EXERCISE: Repeat the span of the entries below that starts at the line with "Photo 8 of 178" and ends at the line with "1830 Gaylord St — Photo 12", nothing more. Skip the pictures.

RECORDED INFORMATION:

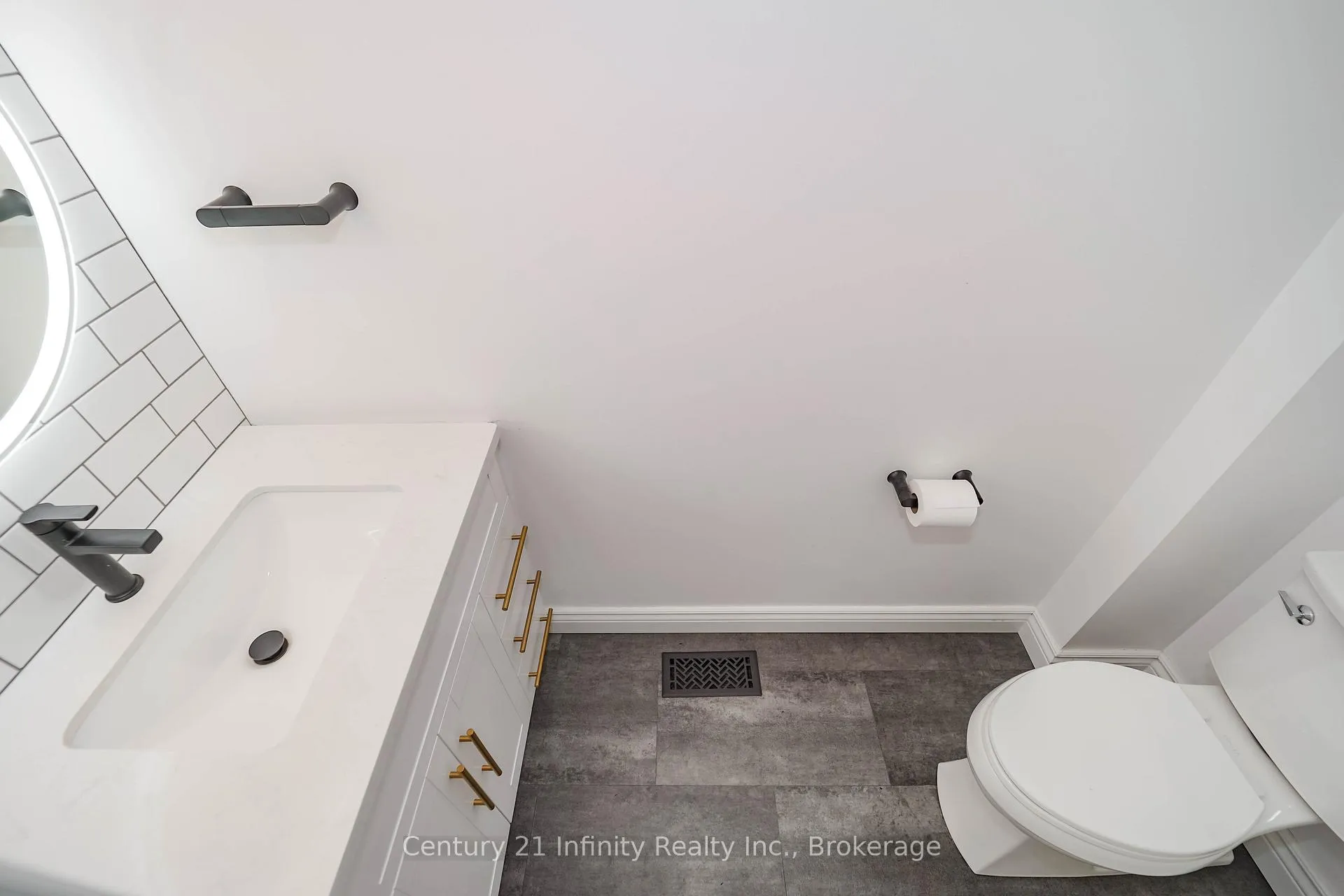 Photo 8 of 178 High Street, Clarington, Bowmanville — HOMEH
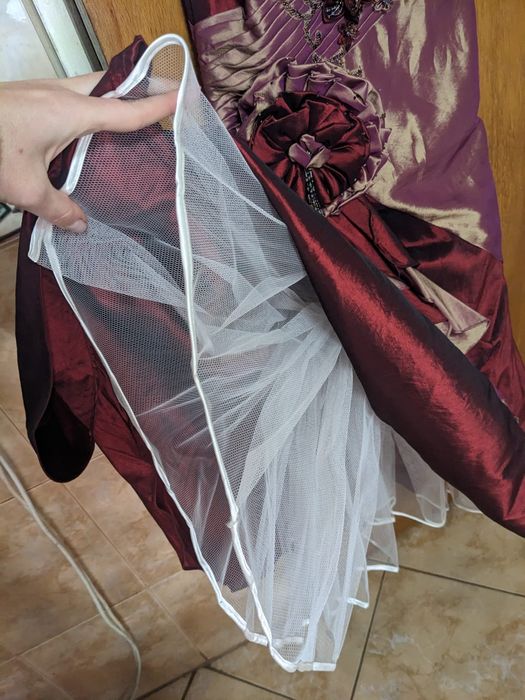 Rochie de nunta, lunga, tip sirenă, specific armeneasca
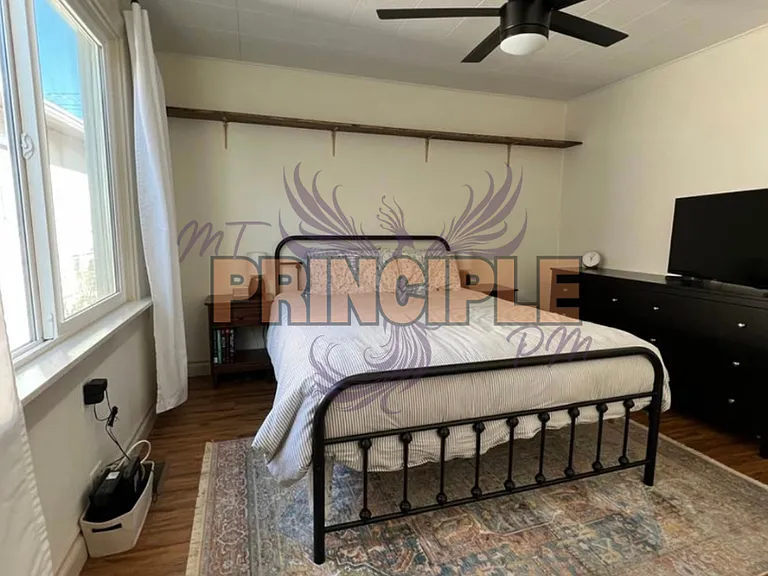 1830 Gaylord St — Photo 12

...

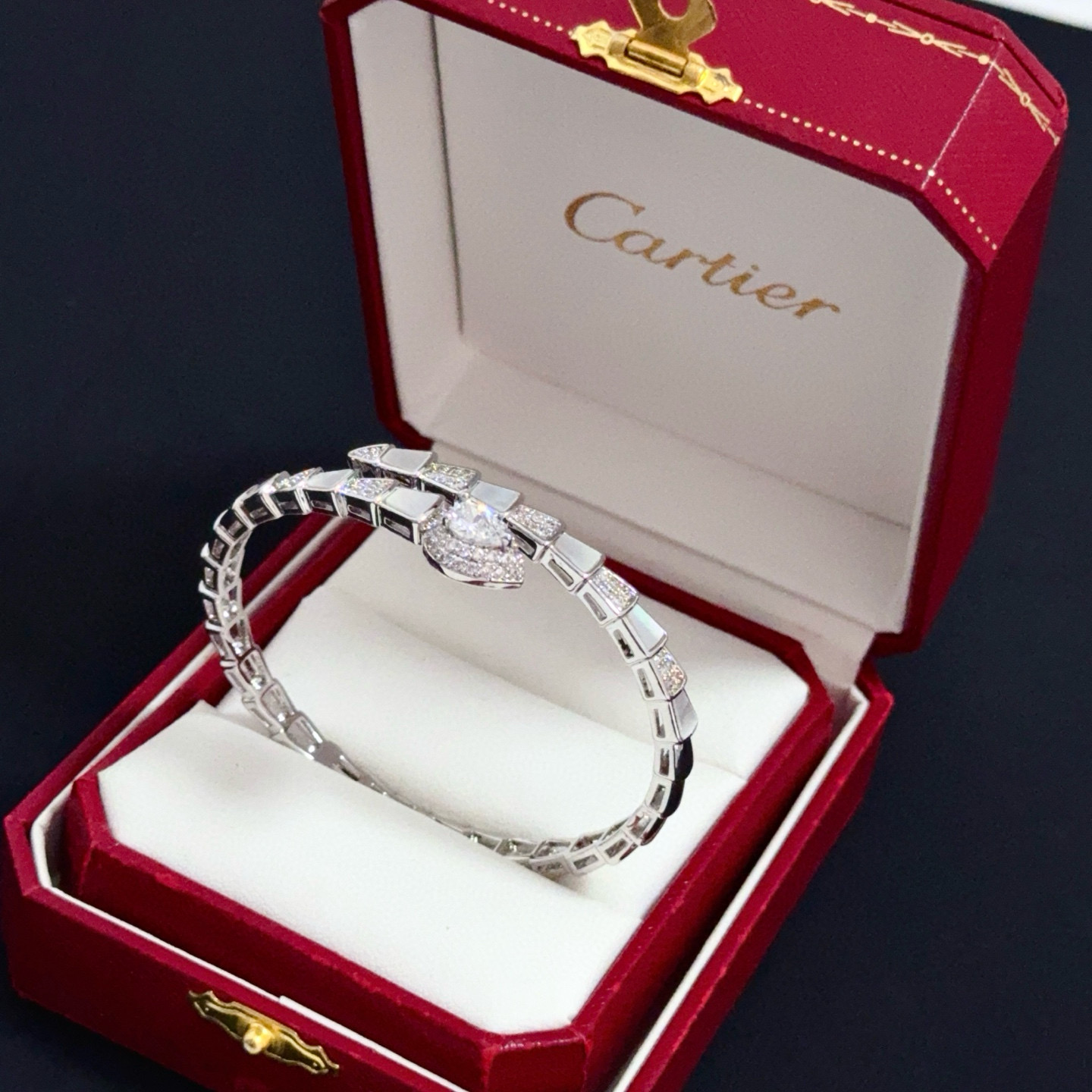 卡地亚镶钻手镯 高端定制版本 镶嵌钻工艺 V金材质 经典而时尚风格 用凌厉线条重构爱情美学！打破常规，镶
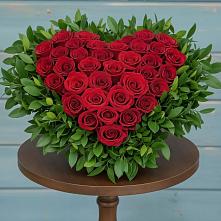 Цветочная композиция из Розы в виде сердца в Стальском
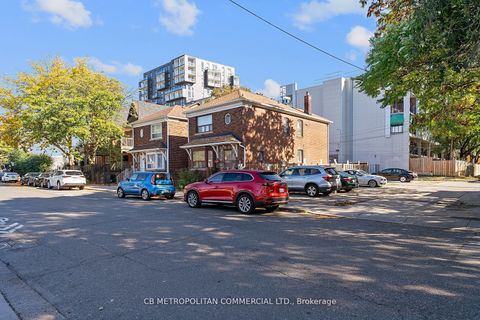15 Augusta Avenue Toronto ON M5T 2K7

==

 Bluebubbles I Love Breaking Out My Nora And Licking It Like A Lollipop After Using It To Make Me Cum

RESULT OF THE TASK:
 Photo 8 of 178 High Street, Clarington, Bowmanville — HOMEH
 Rochie de nunta, lunga, tip sirenă, specific armeneasca
 1830 Gaylord St — Photo 12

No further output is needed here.